- Directions -
A copy of the listing below is needed, exact in every line and without images.

- Data extract -
┏━━
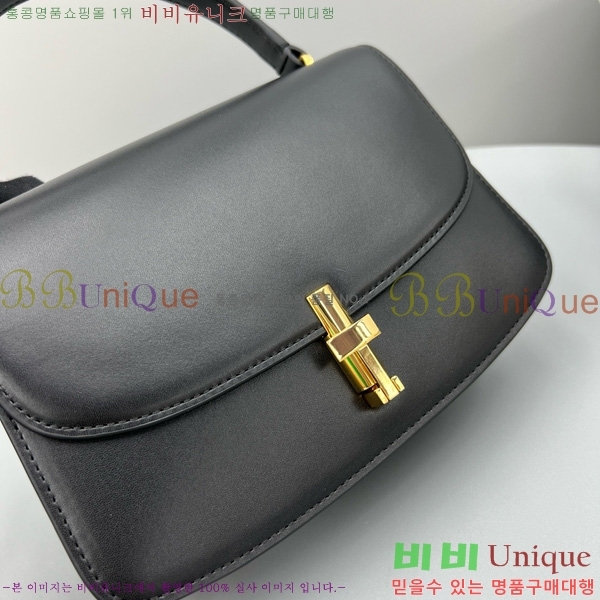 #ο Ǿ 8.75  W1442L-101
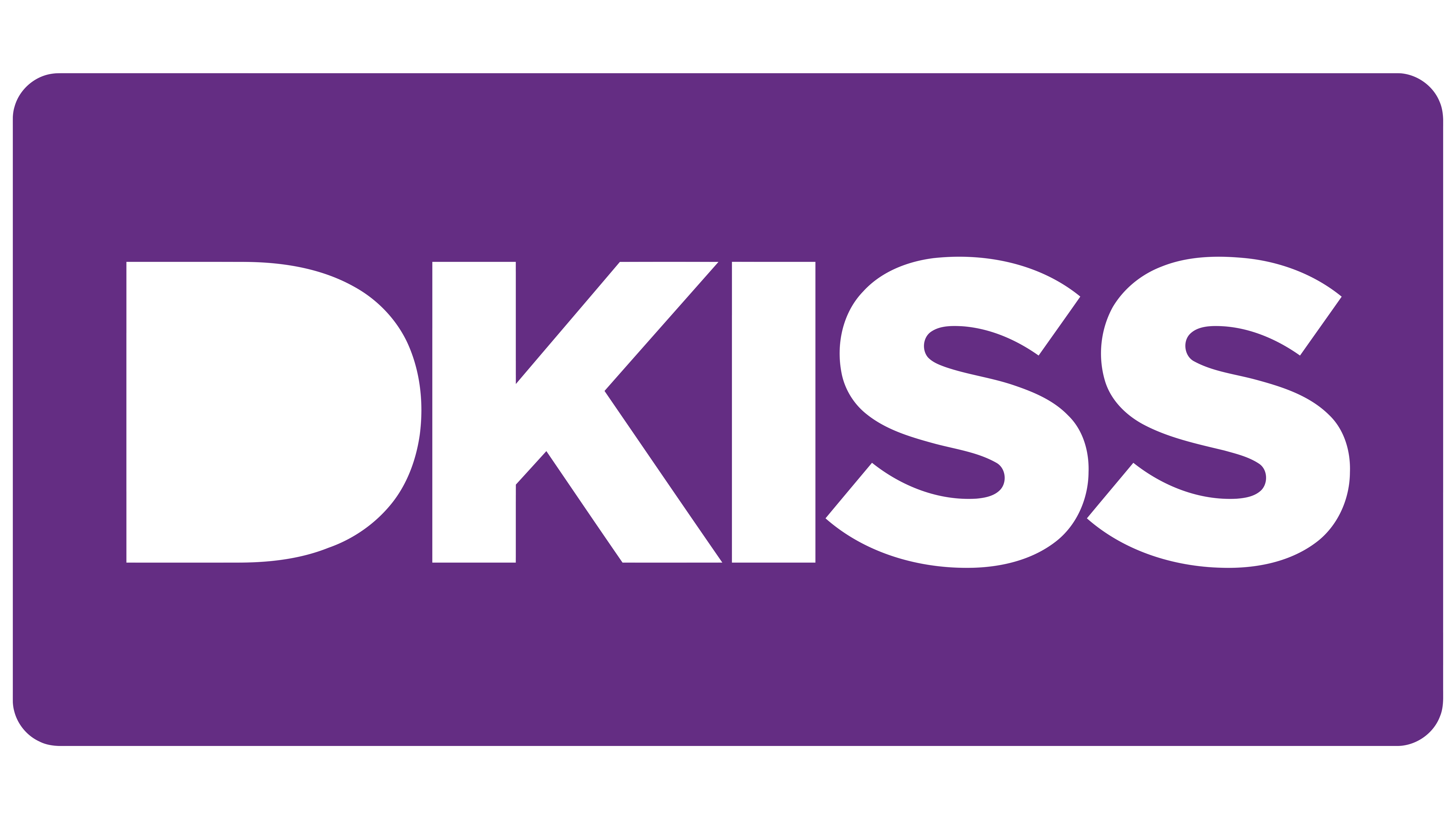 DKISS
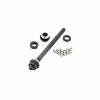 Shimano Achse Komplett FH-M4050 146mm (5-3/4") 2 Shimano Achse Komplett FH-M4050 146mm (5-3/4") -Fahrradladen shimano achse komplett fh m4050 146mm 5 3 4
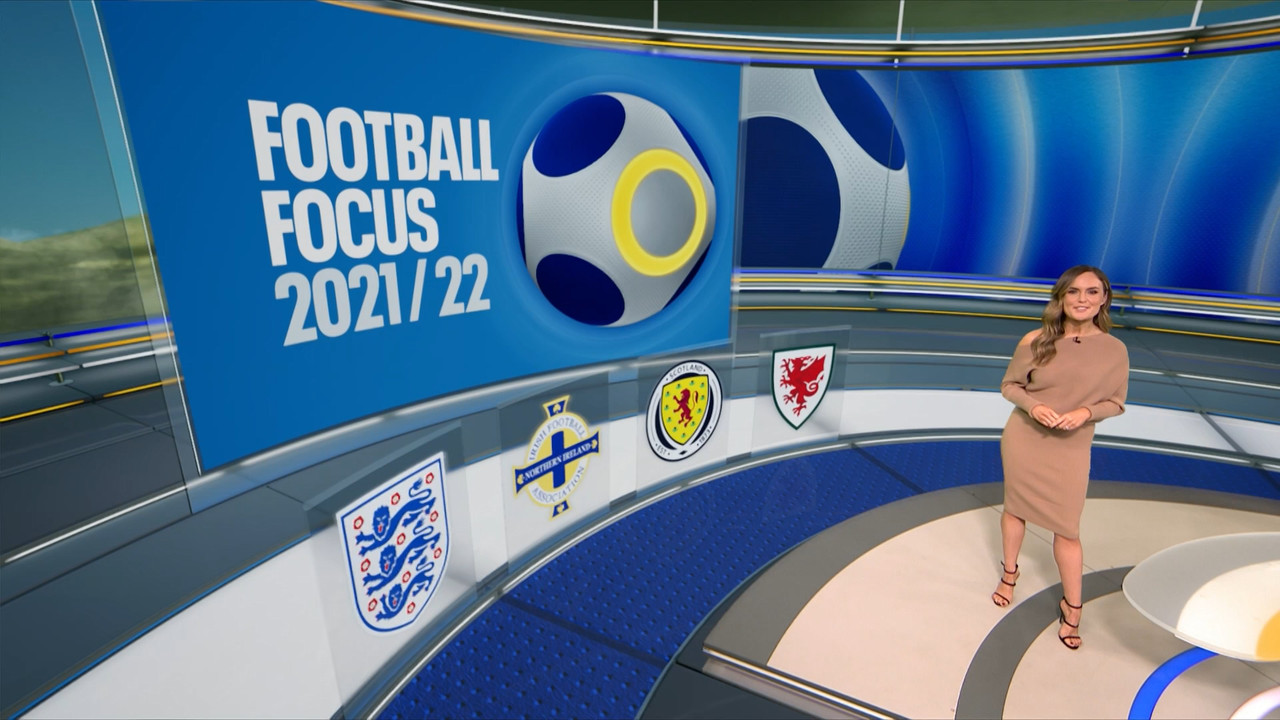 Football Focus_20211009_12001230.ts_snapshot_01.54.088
┗━━
- Result of the exercise -
 #ο Ǿ 8.75  W1442L-101
 DKISS
 Shimano Achse Komplett FH-M4050 146mm (5-3/4") 2 Shimano Achse Komplett FH-M4050 146mm (5-3/4") -Fahrradladen shimano achse komplett fh m4050 146mm 5 3 4
 Football Focus_20211009_12001230.ts_snapshot_01.54.088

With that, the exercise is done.